69. In their observations on the admissibility and merits of the application the applicants submitted that they no longer wished to have the complaint regarding alleged ill-treatment of Mr Anzor Sambiyev examined. They further reiterated the complaint concerning the mental suffering endured.
B. The Court’s assessment
(a) The complaint concerning the alleged ill-treatment of Mr Anzor Sambiyev
70. The Court, having regard to Article 37 of the Convention, finds that the applicants do not intend to pursue this part of the application, within the meaning of Article 37 § 1 (a). The Court also finds no reasons of a general character, affecting respect for human rights, as defined in the Convention, which require further examination of the present complaints by virtue of Article 37 § 1 of the Convention in fine (see, for example, Chojak v. Poland, no. 32220/96, Commission decision of 23 April 1998, unpublished; Singh and Others v. the United Kingdom (dec.), no. 30024/96, 26 September 2000; and Stamatios Karagiannis v. Greece, no. 27806/02, § 28, 10 February 2005).

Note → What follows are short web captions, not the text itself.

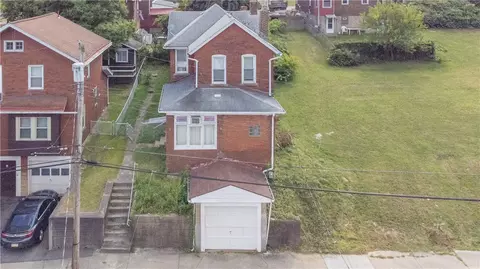 136 Friendship St, Duquesne, PA 15110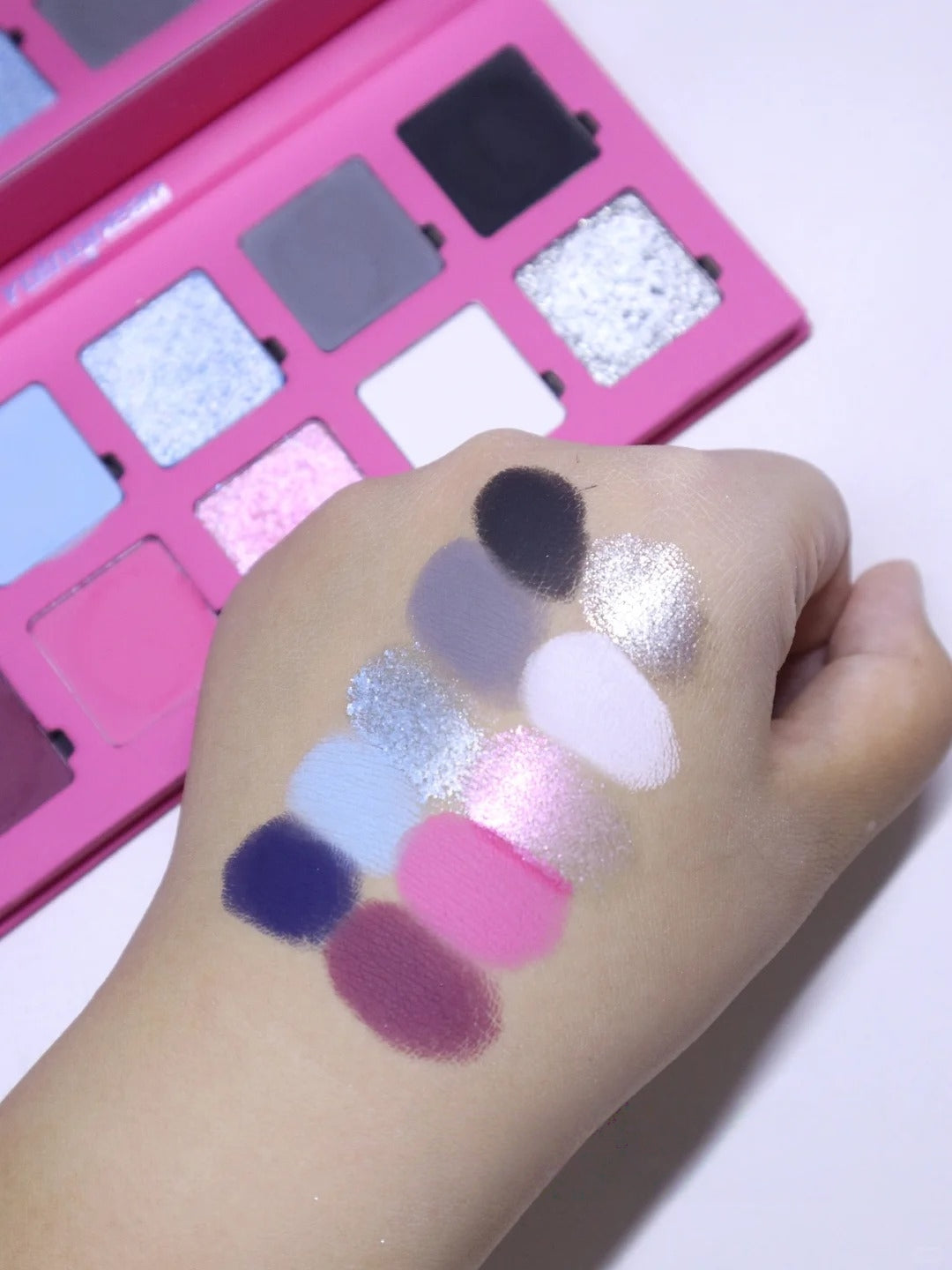 ROINGNEAO Infinite Loading Smoky Eyeshadow Palette T5096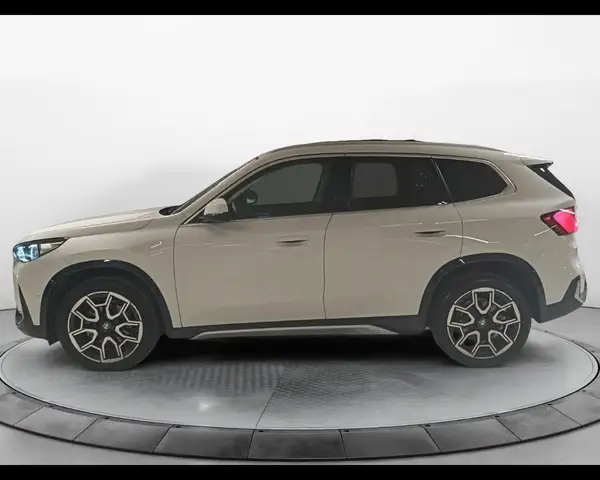 BMW X1 view 9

71. It follows that this part of the application must be struck out in accordance with Article 37 § 1 (a) of the Convention.
(b) The complaint concerning the applicants’ mental suffering
72. The Court notes that this complaint is not manifestly ill-founded within the meaning of Article 35 § 3 of the Convention. It further notes that it is not inadmissible on any other grounds. It must therefore be declared admissible.
73. The Court observes that the question whether a member of the family of a “disappeared person” is a victim of treatment contrary to Article 3 will depend on the existence of special factors which give the suffering of the applicants a dimension and character distinct from the emotional distress which may be regarded as inevitably caused to relatives of a victim of a serious human rights violation. Relevant elements will include the proximity of the family tie, the particular circumstances of the relationship, the extent to which the family member witnessed the events in question, the involvement of the family member in the attempts to obtain information about the disappeared person and the way in which the authorities responded to those enquiries. The Court would further emphasise that the essence of such a violation does not mainly lie in the fact of the “disappearance” of the family member but rather concerns the authorities’ reactions and attitudes to the situation when it is brought to their attention. It is especially in respect of the latter that a relative may claim directly to be a victim of the authorities’ conduct (see Orhan, cited above, § 358, and Imakayeva v. Russia, no. 7615/02, § 164, ECHR 2006-… (extracts)).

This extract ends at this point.